Orange juice, a rich source of vitamin C, accounts for 60% of all fruit juices and juice-based drinks consumed in western Europe. Orange juice preservation is currently accomplished by traditional pasteurization. Pulsed electric fields (PEF) have been studied as a nonthermal food preservation method. Food technology needs in the area of processing are driven by nutrition. Therefore, the objectives of this study were to assess the bioavailability of vitamin C from pulsed electric fields-treated orange juice in comparison with freshly squeezed orange juice and its impact on 8-epiPGF(2alpha) concentrations (biomarker of lipid peroxidation) in a healthy human population. Six subjects consumed 500 mL/day of pulsed electric fields-treated orange juice and six subjects consumed 500 mL/day of freshly squeezed orange juice for 14 days, corresponding to an intake of about 185 mg/day of ascorbic acid. On the first day of the study, subjects drank the juice in one dose, and on days 2-14 they consumed 250 mL in the morning and 250 mL in the afternoon. Blood was collected every hour for 6 hours on the first day and again on days 7 and 14. In the dose-response study, the maximum increase in plasma vitamin C occurred 4 hours postdose. Vitamin C remained significantly higher on days 7 and 14 in both orange juice groups. Plasma 8-epiPGF(2alpha) concentrations was lower at the end of the study (P < 0.001) in both groups. Plasma levels of vitamin C and 8-epiPGF(2alpha) were inversely correlated. Pulsed electric fields-preservation of orange juice retains the vitamin C bioavailability and antioxidant properties of fresh juice with a longer shelf-life.

Inactivation of Saccharomyces cerevisiae suspended in orange juice using high-intensity pulsed electric fields

Saccharomyces cerevisiae is often associated with the spoilage of fruit juices. The purpose of this study was to evaluate the effect of high-intensity pulsed electric field (HIPEF) treatment on the survival of S. cerevisiae suspended in orange juice. Commercial heat-sterilized orange juice was inoculated with S. cerevisiae (CECT 1319) (10(8) CFU/ml) and then treated by HIPEFs. The effects of HIPEF parameters (electric field strength, treatment time, pulse polarity, frequency, and pulse width) were evaluated and compared to those of heat pasteurization (90 degrees C/min). In all of the HIPEF experiments, the temperature was kept below 39 degrees C. S. cerevisiae cell damage induced by HIPEF treatment was observed by electron microscopy. HIPEF treatment was effective for the inactivation of S. cerevisiae in orange juice at pasteurization levels. A maximum inactivation of a 5.1-log (CFU per milliliter) reduction was achieved after exposure of S. cerevisiae to HIPEFs for 1,000 micros (4-micros pulse width) at 35 kV/cm and 200 Hz in bipolar mode.

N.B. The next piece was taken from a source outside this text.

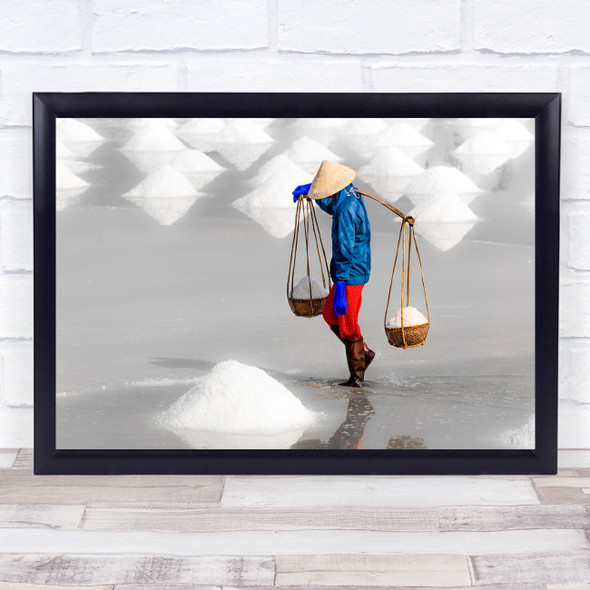 Nhatrang Vietnam Saltmines Women Heavyburden Salt Mining Wall Art Print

Inactivation increased as both the field strength and treatment time increased. For the same electric field strength and treatment time, inactivation decreased when the frequency and pulse width were increased. Electric pulses applied in the bipolar mode were more effective than those in the monopolar mode for destroying S. cerevisiae. HIPEF processing inactivated S. cerevisiae in orange juice, and the extent of inactivation was similar to that obtained during thermal pasteurization. HIPEF treatments caused membrane damage and had a profound effect on the intracellular organization of S. cerevisiae.